I find myself in agreement with Mr. Pitts. Something that is not a common occurrence. This in itself gives me pause! But Mr. Pitts summed up my exact sentiments about Ron Paul when he said, “Ralph Waldo Emerson, meet Ronald Ernest Paul. He is the very soul of a foolish consistency. Meaning that he is willing, often to a fault, to follow his ideology to its logical and most extreme conclusions.”
I also do not find some of the extremes of Ron Paul to be that conservative. I know a few other very conservative people who refer to Ron Paul as really one of the most “liberal” people in the presidential race, some proclaim he is to the left of President Obama in many areas. I am not sure that I would draw the same conclusions. I do, however, think his brand of extremism is more than confusing; it is at least very risky–perhaps even dangerous. It is in any event at least dangerous for the Republican party.
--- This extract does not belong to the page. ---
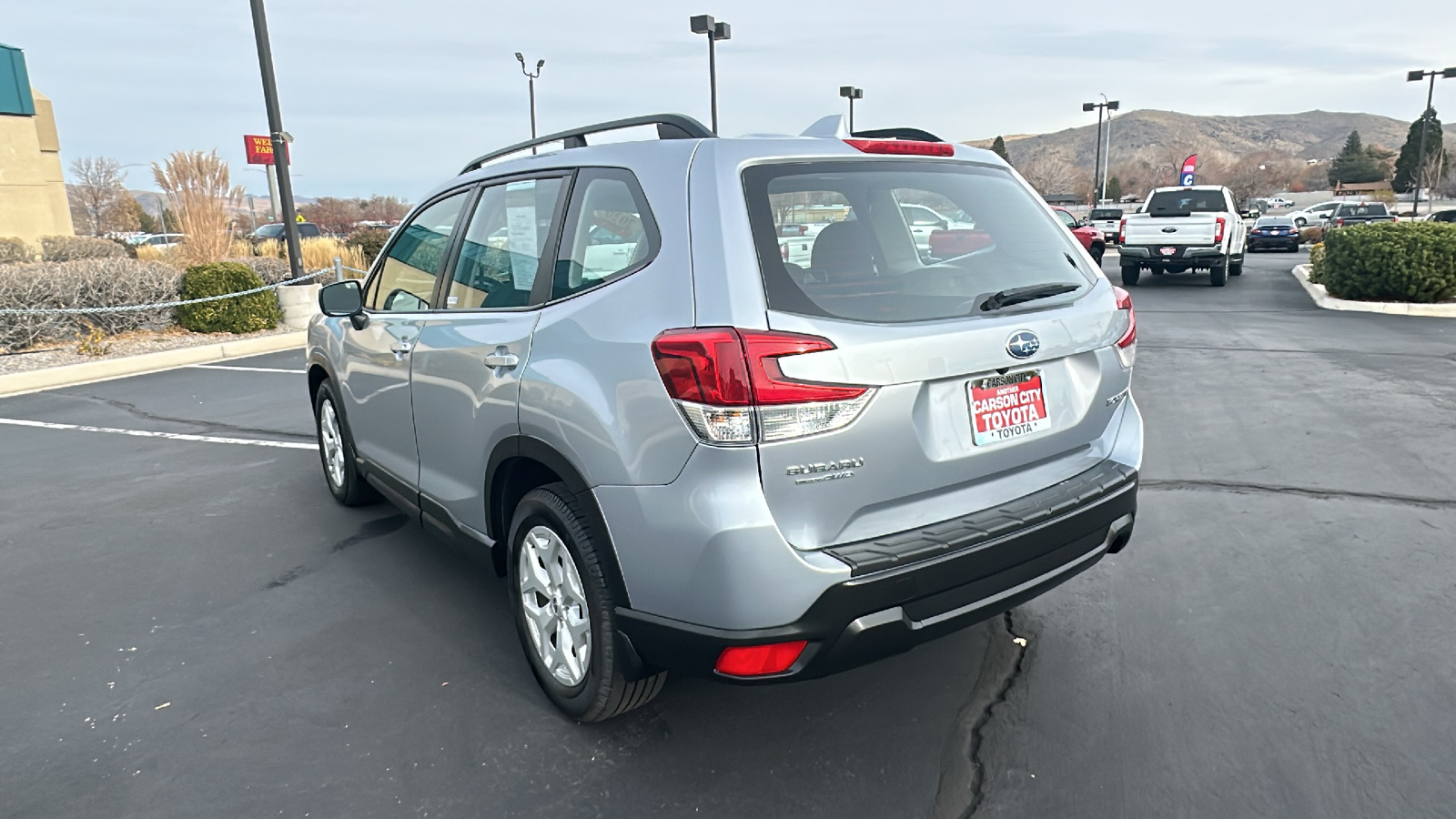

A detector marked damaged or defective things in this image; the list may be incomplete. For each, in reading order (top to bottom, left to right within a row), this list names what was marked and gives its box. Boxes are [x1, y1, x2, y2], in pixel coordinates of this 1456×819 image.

crack in asphalt [56, 390, 316, 437]
crack in asphalt [1136, 475, 1456, 507]
crack in asphalt [937, 609, 1030, 810]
One pundit last night suggested that perhaps Iowans were sending a message to the Republican leadership. Well if so, it is to my way of thinking a very problematic message. This election, more so than any others in recent history, will be decided by independents, and moderates in both parties. Non-Republicans, and some Republican moderates, tend to worry about the extreme views of the Republican party and the potential extreme conservative segments of its platform, just as non-Democrats and Democratic moderates then tend to worry about the extreme liberal segments of the Democratic platform.
Sending such a message and ignoring Paul’s foolish consistency in the areas of civil rights, Iran and their nuclear ambition, and the recognition that there are some areas where the federal government must play a role to promote the general welfare, if in fact that is what is being done, is not going to go far toward endearing independents and moderates to the benefits of a Republican executive branch and congress. Not since the period of the 1880s to the early 1900s have we seen such a divided ideological ocean between the parties. With it has come a broad distrust of the professional political class and significant suspicion as to motivation and potential corruption in their platforms and agendas.
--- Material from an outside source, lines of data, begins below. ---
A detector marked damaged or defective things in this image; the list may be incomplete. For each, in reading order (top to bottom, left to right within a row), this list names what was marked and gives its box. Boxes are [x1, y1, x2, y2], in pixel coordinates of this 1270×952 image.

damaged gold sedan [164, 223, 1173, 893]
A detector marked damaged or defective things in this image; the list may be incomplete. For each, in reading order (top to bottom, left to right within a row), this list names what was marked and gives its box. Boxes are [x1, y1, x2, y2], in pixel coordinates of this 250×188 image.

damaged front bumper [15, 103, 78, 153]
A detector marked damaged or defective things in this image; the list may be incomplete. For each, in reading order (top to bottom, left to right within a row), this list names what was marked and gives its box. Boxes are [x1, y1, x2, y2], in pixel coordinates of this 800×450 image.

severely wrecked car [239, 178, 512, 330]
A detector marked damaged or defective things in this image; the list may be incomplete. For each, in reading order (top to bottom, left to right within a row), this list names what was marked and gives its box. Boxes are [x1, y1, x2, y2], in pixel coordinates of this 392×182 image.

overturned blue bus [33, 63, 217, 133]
In the end, Ron Paul’s finish in the race last night in a virtual dead heat with Romney and Santorum worry’s me. If the Republican party members in the U.S. now are willing to accept such a level of foolish consistency in their candidate in order to adhere to other desired ideals, we will run the risk of ignominious defeat in the presidential election. Independents and moderates will likely see Republicans as a party driven so far by ideology that these key voters will not be able to accept their perceived risk of this foolish consistency.
Perhaps the pundits are correct and Iowa is a Paul anomaly, and as we move through the remaining caucuses he will once again fade into history as did James G. Blaine in the election of 1884 or Alton B. Parker in 1904. If not, I fear, in about one year, we will be recalling the Paul pall of 2012.